You are my life, he wanted to say. “Be careful,” he called.
She kept skating, as if she had not heard him, her arms out at her sides for balance. Seem to vanish like a gambler’s lucky streak.
He called out again. “Lola, do you hear me?”
She turned and waved, then skated farther away.
“Be careful,” Chaim shouted. “Be careful.”
1989-2000
November 1989-February 1990
F ELA DID NOT LIKE it, but she let her husband go. It was easier, now that the Iron Curtain was down, for him to visit Poland, and he had two projects: to visit his mother’s grave, and to visit his mother’s youngest sister, still living, at eighty.
Fela had sworn not to set foot in Poland again. And Pavel’s aunt, even if she was the baby of the family, had survived Russia by working as a professional Communist. That Pavel could choose to ignore this was a mystery. The Communist youth of her childhood were hard ones, impulsive, though frequently intelligent. They had been smart to hate Poland as it was. But to come back after the war! She had gotten a job, this aunt, she and her Communist husband, good jobs in the new Polish government, jobs they had lost in the purges of Jews in the 1960s. When it came to Poland, a Jew was still a Jew, Communist or no. Well, she was an aunt. A remnant. It was important for Pavel to see her and the husband and the son, a professor who, with his Catholic wife, had come to New York once. Pavel had sent money for years; now, at the age of seventy-three, he and his cousin Mayer should go.
Three weeks, he said. Three weeks to do everything.
Why now? Why don’t you wait until you finish with selling the business?
I don’t know when I finish. How long can it take, with Kuba deciding this way and that? Better I go now, and when I return, then I feel relaxed to do it. Then I feel unafraid.
But November, she had tried. Why a winter in Poland? Why not wait until spring?
November is when Larry can take his vacation, said Pavel. And Larry wants to go.
Larry did want to go; it surprised Fela, but she kept it inside. Good for the men of the family to share something, she supposed. Though she didn’t know how their son would get along there, with no Polish, the Yiddish he knew useless, the German he had spoken in childhood almost completely forgotten. Larry couldn’t stand to depend on his father. He’d bought a phrase book and tried out his accent on her: Black coffee, please, he would say. No sugar. No milk. Toothpaste. Eardrops. Shoe shine. Gauze. Where is the bookstore? The bathroom? The phone? She hoped he would not come back speaking Polish. It wasn’t a language she wanted her children to speak.

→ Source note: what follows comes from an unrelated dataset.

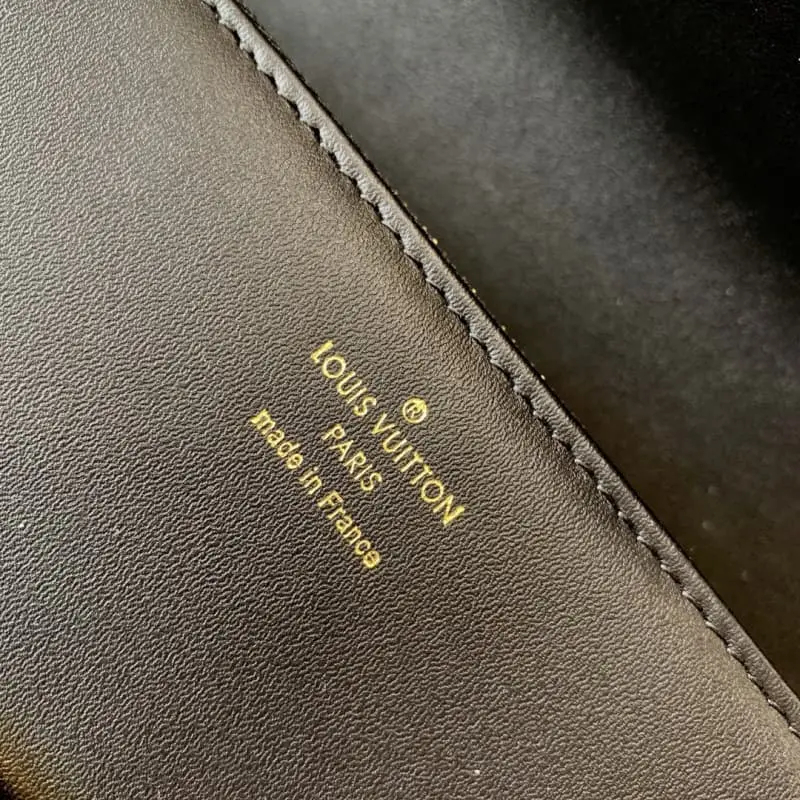 M20393 24x15x6cm High Quality Bags - Image 7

FELA COULD APPRECIATE THE time by herself. She liked once in a while to be alone in her home, to organize, to wash and rehang the curtains so the home looked clean from the outside in. The outside came first; then one could do work on the inside. She had cloth Pavel had brought from the shop, and she planned to sew a new bedspread; she had evenings free to bake a few things to freeze for Pavel and Larry to take to work upon their return. Helen didn’t like to eat too many sweets. Fattening, she said, though she was always quite thin. Too thin, even now. Fela took Helen’s refusals to take home the cookies and cakes and raspberry strudels like a door in the face. Who didn’t eat food prepared by one’s mother?
Fela’s friends planned to invite her over, for coffee, for tea, for lunch, for dinner. No one believed a wife could survive without a man, though from what Fela had seen, it was the man who had troubles when he tried to do without the wife. It seemed the phone was ringing constantly. Pavel and Larry called very often; Helen called very often; her friends called all the time. Who knew she was so popular? she joked to Vladka Budnik. Pavel would have to be on guard for her admirers when he returned.